Auch die SBB beschäftigt das einst als «Wundermittel» gefeierte Industriematerial nach wie vor. Denn auf Schweizer Schienen sind weiterhin Züge mit Baujahr vor 1990 unterwegs. Darin ist teilweise Asbest verbaut. Verdachtsmomente gibt es für Züge des Güterverkehrs, der Infrastruktur sowie des Personenverkehrs. Dort sind es beispielsweise die Fernverkehrszüge EW IV, der Pendelzug DPZ (S-Bahn), wenige Eurocity-Züge oder die Loks des Typs Re 420. Dieses Rollmaterial ist noch bis in die 2030er-Jahre im Einsatz.
Um die Züge weiterhin sicher reparieren und dereinst verschrotten zu können, durchleuchten sie die SBB nun auf ihre Asbest-Gefahr. Dazu hat die Bahn kürzlich auf der Beschaffungsplattform des Bundes einen entsprechenden Auftrag ausgeschrieben. «Ziel ist es, eine Gefährdungsbeurteilung in Bezug auf Arbeitssicherheit, Gesundheit und Umwelt durchzuführen sowie potenziellen Sanierungsbedarf für Schadstoffe frühzeitig zu identifizieren», heisst es da.
Eine spezialisierte Firma soll dazu Proben aus Bauteilöffnungen entnehmen und analysieren. Es ist zwar nicht das erste Mal, dass die Bahn eine solche Prüfung vornimmt. Neu ist, dass sie den Auftrag für mehrere Jahre ausschreibt, weshalb er nun auf der Beschaffungsplattform auftaucht.
Relevant ist die Asbest-Belastung in den Zügen insbesondere für die SBB-Mitarbeitenden, die Instandhaltungs- und Modernisierungsarbeiten an den in die Jahre gekommenen Zügen durchführen. Dabei geht es nicht nur um Asbest, wie SBB-Sprecher Moritz Weisskopf sagt: «Die Schadstoffermittlung in den Fahrzeugen orientiert sich an den geltenden rechtlichen Rahmenbedingungen und beinhaltet neben dem Schadstoff Asbest auch weitere gesundheitsgefährdende oder entsorgungsrelevante Stoffe. » Dazu gehören krebserregende Substanzen wie Polychlorierte Biphenyle (PCB), Polyzyklische Aromatische Kohlenwasserstoffe (PAK) oder Schwermetalle.
Man nehme das Thema sehr ernst, so Weisskopf: «Gesundheit und Sicherheit der Mitarbeitenden haben für uns immer höchste Priorität. Die SBB halten sich an alle gesetzlichen Bestimmungen und Vorgaben und arbeiten eng mit auf Umgang mit Asbest spezialisierten und zertifizierten Firmen sowie mit der Suva zusammen.»

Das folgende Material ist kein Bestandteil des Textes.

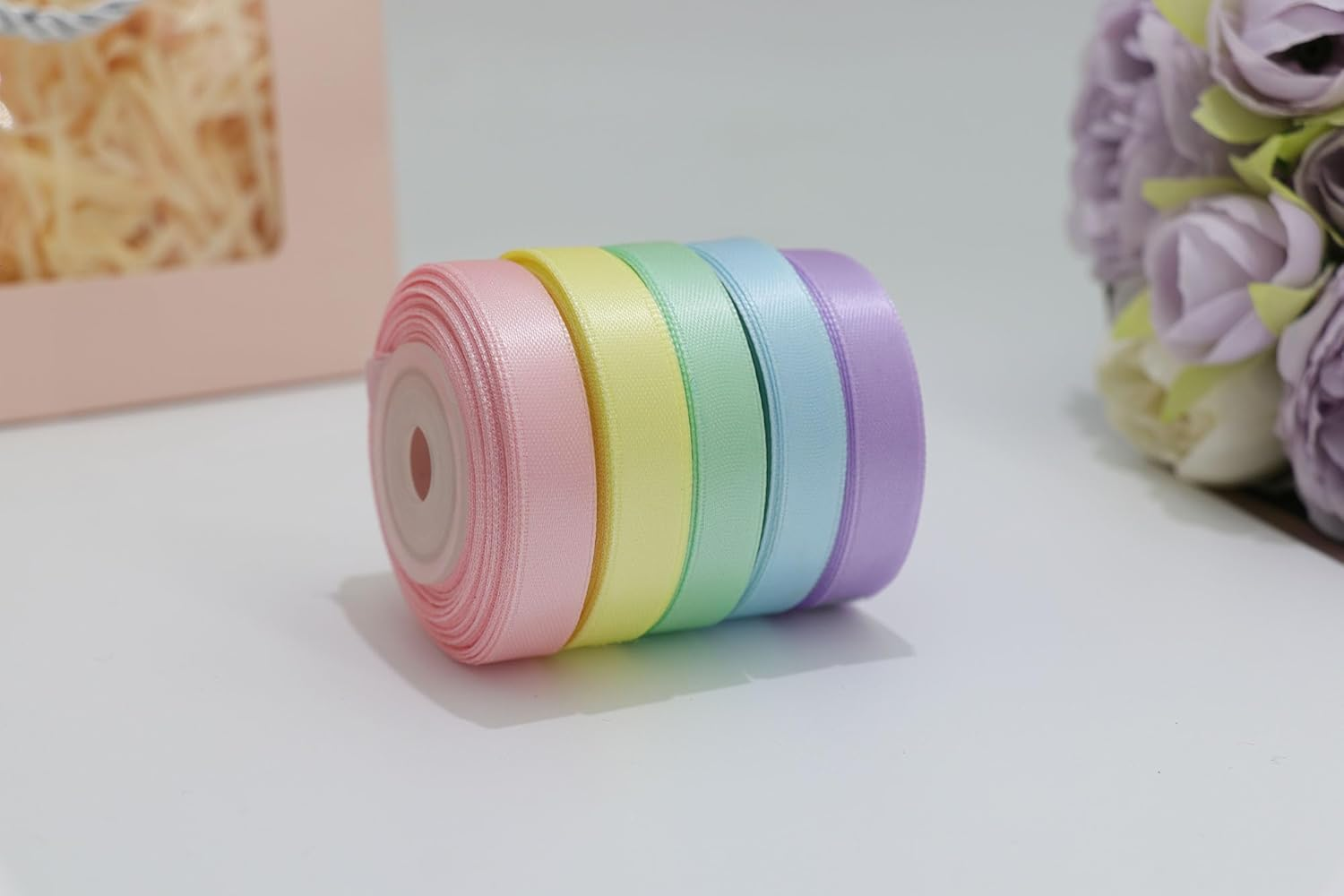 Satin Ribbon 3/8 Inch, Pastel Color Double Faced Ribbon for Gift Wrapping, Flower Bouquet, Wedding Party Decoration, Hair Bows, DIY Crafts - 8 Yards/Roll, Total 40Yds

Für die Passagiere besteht laut SBB keine Gefahr, obwohl verschiedene Pendlerzüge mit Asbest belastet sein könnten. Denn in den Passagierbereichen befänden sich keine problematischen Bauteile. «Vielmehr sind technische Bauteile wie Dichtungen betroffen, die punktuell in abgetrennten Bereichen noch in den Fahrzeugen verbaut sind.» Dabei handelt es sich laut SBB um sogenannte festgebundene Asbestprodukte, bei denen die Fasern fest in eine Matrix eingebunden sind. «Ohne eine Beschädigung kommt es zu keiner Asbestfreisetzung. Es besteht im Fahrbetrieb der Züge keinerlei Gefährdung für unsere Kunden oder das Personal.»
Noch vor wenigen Jahrzehnten präsentierte sich die Situation für die SBB-Angestellten gänzlich anders. In den SBB-Werkstätten verwendeten sie bis Mitte der 1970er-Jahre sogenanntes Spritzasbest als Isolations- und Dichtungsmaterial. Sie atmeten dadurch die gefährlichen Stoffe ein. Wegen der langen Inkubationszeit wurden erstmals 1994 Todesfälle von SBB-Angestellten bekannt.
Um die Jahrtausendwende zählte die Bahn 80 Asbest-Opfer; 58 waren damals bereits ihrem Leiden erlegen. Nach zähen juristischen und politischen Debatten entstand in der Schweiz 2017 der Entschädigungsfonds für Asbestopfer. Die SBB haben die Stiftung mitgegründet. Wie es auf Anfrage heisst, hat die Bahn bisher zehn Millionen Franken eingezahlt. (aargauerzeitung.ch)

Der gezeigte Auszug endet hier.